To ensure full fire security and safety in your home, you may be following the best practices, but what about your office and commercial property? You need to ensure the safety of workers, customers, and visitors at your workplace, regardless of whether you own a retail company, a manufacturing industry, or an IT agency.
In your workplace and other industrial buildings, fire protection and prevention should always be a primary concern.
You are likely to deal with a lot of electrical equipment if you work in an office, including computers, photocopiers, printers, telephones and desk lamps, etc. Did you know, however, that electrical equipment poses one of the biggest fire safety risks?
Make sure that electricity risks are minimised by periodically inspecting equipment for damage, ensuring that equipment is used correctly by employees and immediately removing defective equipment from usage.
A fire detection and warning system must be in place in all workplaces, but how often can you check that they are functioning correctly? Make sure that the smoke detectors are checked at least once a month and that the fire alarm is tested regularly to ensure that it works properly and can be heard by all in the office.
By regulation, in the event of a fire, the office must have a way of getting individuals from the premises to a place of safety outside. This could either be down the staircase of the main office, or you may have an external fire escape or a dedicated hallway that can be used only in the event of a fire.
But when did you search the escape route for the last time? Is it possible for people to use it or is the corridor obstructed by tables, plants or other objects? As good housekeeping is important, your emergency escape routes must be accessible at all times.
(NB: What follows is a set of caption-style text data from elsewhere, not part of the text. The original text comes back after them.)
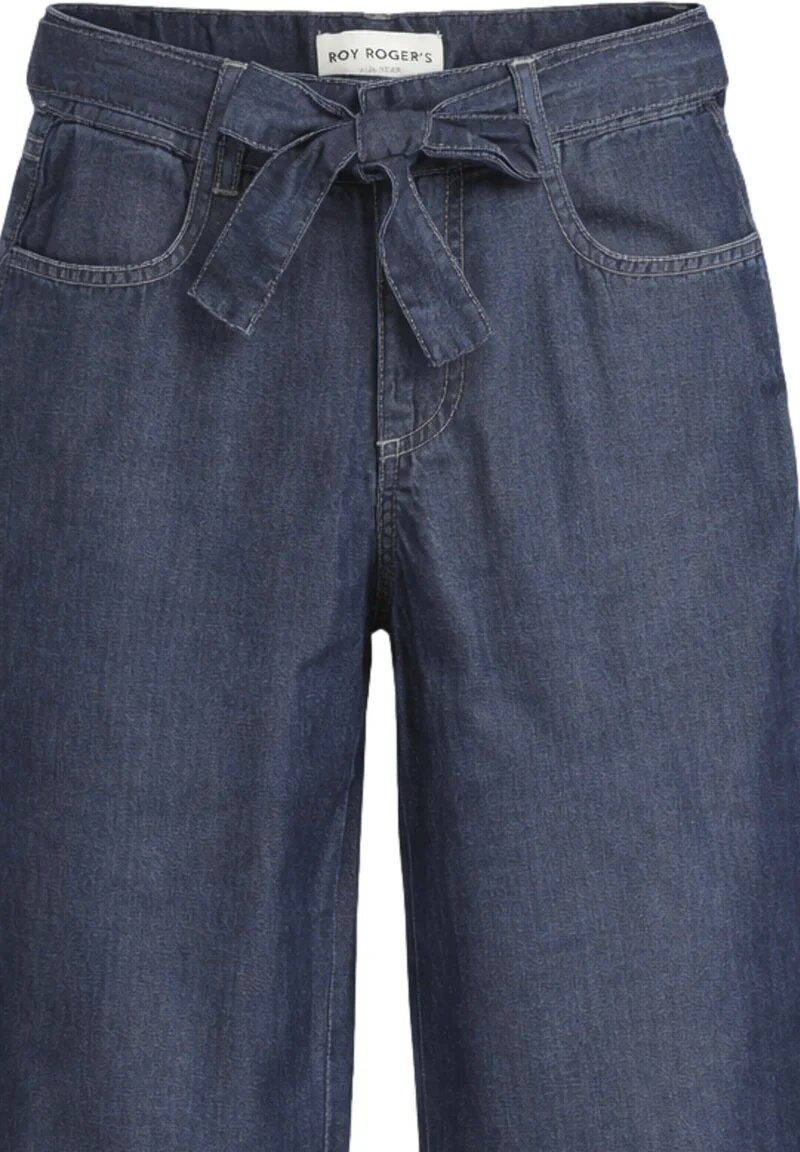 Roy Roger's Jeans Blu Con Cintura Che Si Allaccia Bambina RG156_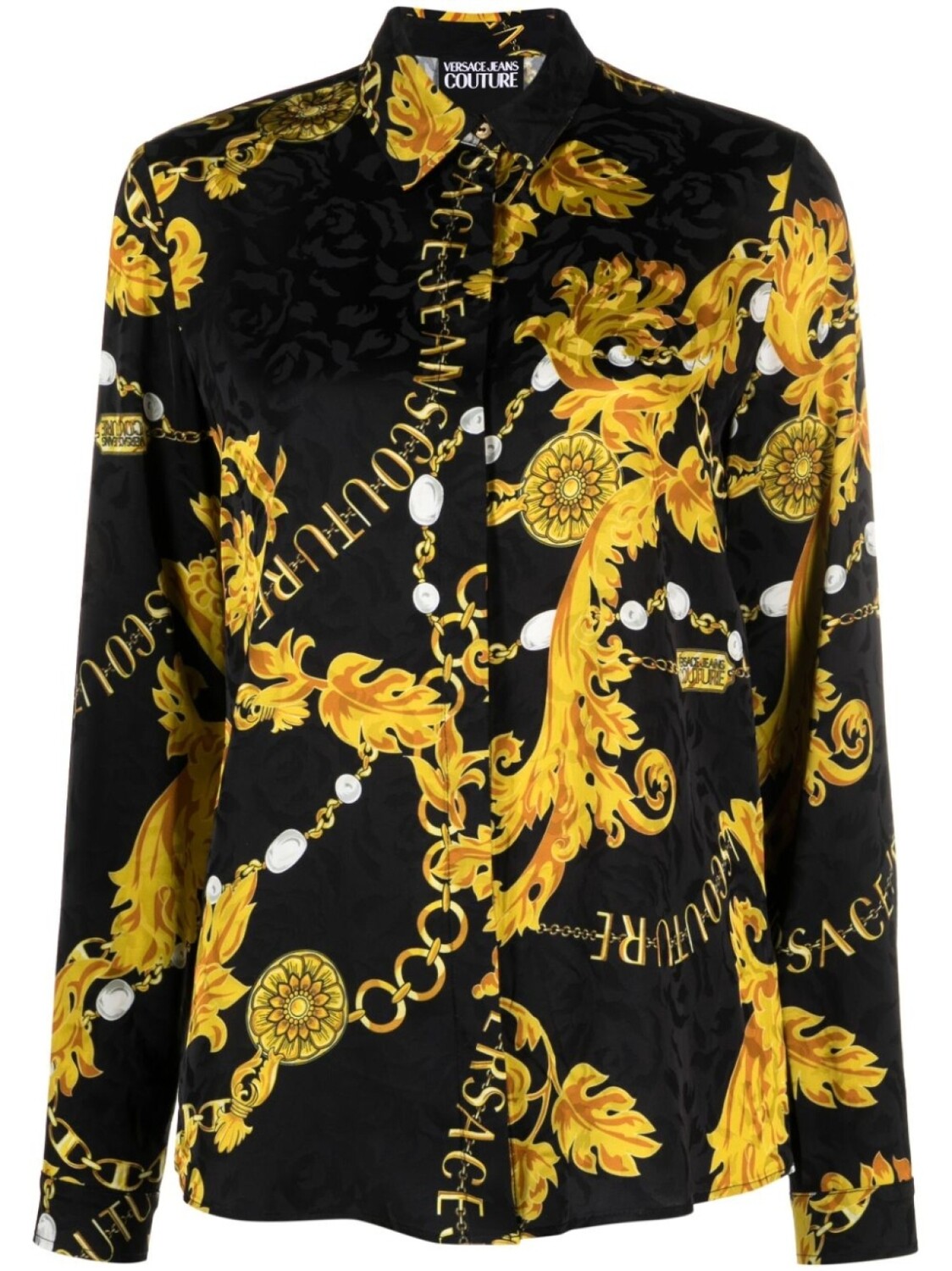 

Versace Jeans Couture блузка с принтом Logo Couture, черный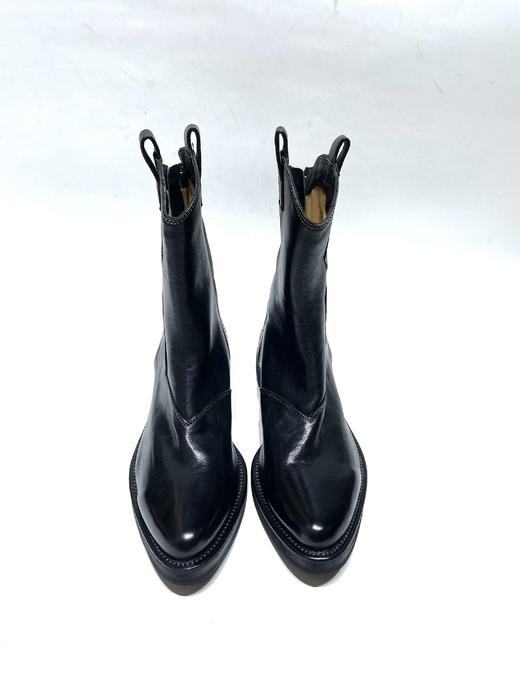 芮凯诗【进口水洗牛皮】Y12-2套脚西部靴子 商品图2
Is there a dedicated person in your office who is responsible for fire safety? There are numerous fire warden duties that, if neglected, could lead to serious consequences, so it is vital for the appointed individual to take the role seriously (and not just see it as a fun ‘label’ they’d like to have).
In order to maintain the evacuation plan, to carry out a fire risk assessment and to ensure that fire-fighting equipment is present and correct, fire wardens must be qualified.
Are your workers aware of the fire safety hazards that follow the mid-morning cigarette break, whether you have a designated area outside, or simply ask people to head away from the building?
Ensure that staff are mindful of taking care of smoking, especially when discarding smoking materials that could easily light up nearby flammable materials, such as dry leaves, papers and textiles in garbage bins or spilt fuel in the parking lot. In order to inflict significant harm, it only takes one minor accident or act of carelessness.
In order to understand how to recognise hazards, how to avoid them and what to do if a fire breaks out in the workplace, it is vital that all workers are trained in fire safety. Even if your office has all possible plans, procedures, signs and equipment in place, if workers don’t understand their duties, it’s unlikely to be successful.